Last few months I have been spending time with semgrep tool. As much as it has features its still a growing tool and does needs a bit of handholding. Here I will quickly explain how to hack the base code of semgrep to make it work against your specific language even though input file extension might not be the standard names.
TL:DR;
Background
Semgrep is a static code analysis tool that relies on a customizable set of rules to scan source code and identify various issues. The issues can range from general coding standard deviation to security Issues. I have been using semgrep for finding security bugs. As part of this process, I needed to run semgrep on many files/folders. This is exactly where I spotted my situation.
Let’s assume hypothetically we have all of our php files as .php7 or .server.
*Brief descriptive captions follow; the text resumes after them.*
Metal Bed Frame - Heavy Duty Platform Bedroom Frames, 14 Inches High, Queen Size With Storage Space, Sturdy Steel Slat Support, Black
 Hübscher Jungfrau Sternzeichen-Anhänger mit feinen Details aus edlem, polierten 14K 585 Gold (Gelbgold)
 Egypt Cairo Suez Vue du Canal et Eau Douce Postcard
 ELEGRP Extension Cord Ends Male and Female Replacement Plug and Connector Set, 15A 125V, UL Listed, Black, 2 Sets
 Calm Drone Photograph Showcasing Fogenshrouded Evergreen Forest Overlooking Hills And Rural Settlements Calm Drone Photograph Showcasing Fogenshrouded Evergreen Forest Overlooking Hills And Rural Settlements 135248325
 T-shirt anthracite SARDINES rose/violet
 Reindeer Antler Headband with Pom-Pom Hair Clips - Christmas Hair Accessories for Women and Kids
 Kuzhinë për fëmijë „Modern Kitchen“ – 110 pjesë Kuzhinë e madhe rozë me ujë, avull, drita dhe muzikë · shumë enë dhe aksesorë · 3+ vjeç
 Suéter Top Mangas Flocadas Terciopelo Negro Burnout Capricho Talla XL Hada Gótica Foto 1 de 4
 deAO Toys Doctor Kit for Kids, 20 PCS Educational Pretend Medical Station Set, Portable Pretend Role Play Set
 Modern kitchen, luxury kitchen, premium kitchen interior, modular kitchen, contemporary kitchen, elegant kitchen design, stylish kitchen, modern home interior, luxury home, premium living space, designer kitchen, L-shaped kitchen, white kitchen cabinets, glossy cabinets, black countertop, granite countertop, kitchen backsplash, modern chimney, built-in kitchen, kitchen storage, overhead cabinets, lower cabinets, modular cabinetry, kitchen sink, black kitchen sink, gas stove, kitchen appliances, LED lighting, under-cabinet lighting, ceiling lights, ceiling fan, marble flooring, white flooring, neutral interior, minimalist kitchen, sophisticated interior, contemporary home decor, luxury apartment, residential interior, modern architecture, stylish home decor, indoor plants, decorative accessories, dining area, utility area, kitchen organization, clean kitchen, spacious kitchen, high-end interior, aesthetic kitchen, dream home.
In current setup semgrep will execute no rules if you specify language as [php]
Sample Rule
rules:
- id: get
patterns:
- pattern-either:
- pattern: $_GET[$KEY]
languages: [php]
mode: search
message: Look for get
severity: WARNING
Execution
As you can see the source folder has 3 files but semgrep ran the rule on only one file.
This is where I started digging what I can do and I stubbled upon a few options.
Option 1: Use paths
rules:
- id: get_agent
patterns:
- pattern-either:
- pattern: $_GET[$KEY]
paths:
include:
- "*.php"
- "*.server"
- "*.php7"
languages: [php]
mode: search
message: Look for user agent
severity: WARNING
However, this didn’t work and that lead me to further reading and poking questions at semgrep slack which initially pointed to 2 distinct suggestions.
a. Use generic as language
b. this is a known bug and someone already registered a bug
The first option didn’t work as if you use generic the standard language level parsers don’t come into picture. And the second option leads me to a rabbit-hole which eventually brought me to this discussion. This section clarified that the way semgrep operates, we can solve this by directly specify a file or a regular expression hack which lists all files needed.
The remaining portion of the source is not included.